With support from UNICEF, The Government of The Gambia through the Women’s Bureau has been working closely with Tostan, a Senegal based international NGO, to engage communities through its Community Empowerment Programme (CEP), using  a holistic approach to look at all aspects of the problem. 

The CEP is an empowering, non-directive, non-judgmental, human rights based, non-formal education programme that informs and empowers individuals in a community so that they can make their own decision and willingly commit themselves to ending such human rights violations as child marriage, female genital mutilation/cutting and other harmful traditional practices.

“When Tostan came to my village in June 2014, after some of the villagers requested that they should bring their programme to us, many things changed for the better,” said Marie Jawo. “Our lessons on human rights and democracy have taught us about cleanliness and about resolving our problems without involving the police every time – there is greater social harmony and peace in the village. And now that girls in my village and other villages know their rights, they feel empowered and they can now say no to child marriage and other practises that violate their rights. So, we are happy.”

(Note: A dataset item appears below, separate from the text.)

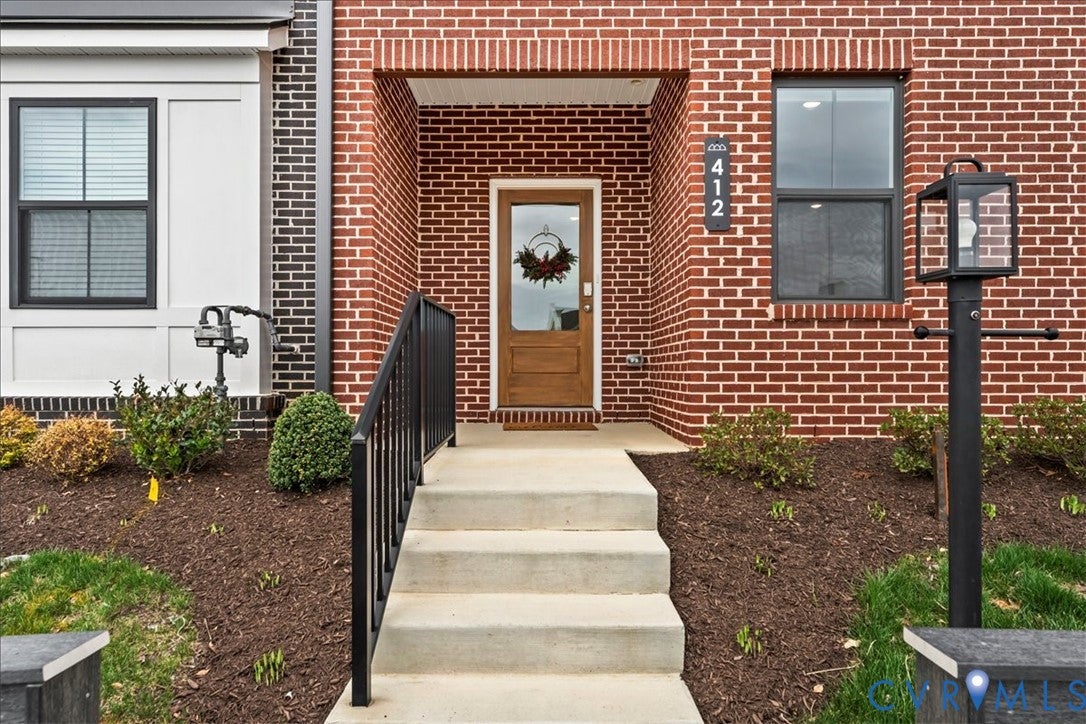 412 Quiet Breeze Alley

Although Marie still wants to get married, she now knows that she should not rush it and has to finish her education first. Currently in Grade 9, Marie encourages other adolescents to refrain from getting married or pregnant early. She shares her new-found knowledge with her peers and encourages those who are not in school to enrol the CEP. 

Tostan has been implementing the CEP in The Gambia since 2007, targeting Mandinka, Fula and Sarahuleh communities in the Upper River Region, which consists of about 400 villages. To date, the CEP has reached a total of 145 villages in the region. Of this number, 112 villages were reached directly and 33 indirectly through the organised diffusion strategy.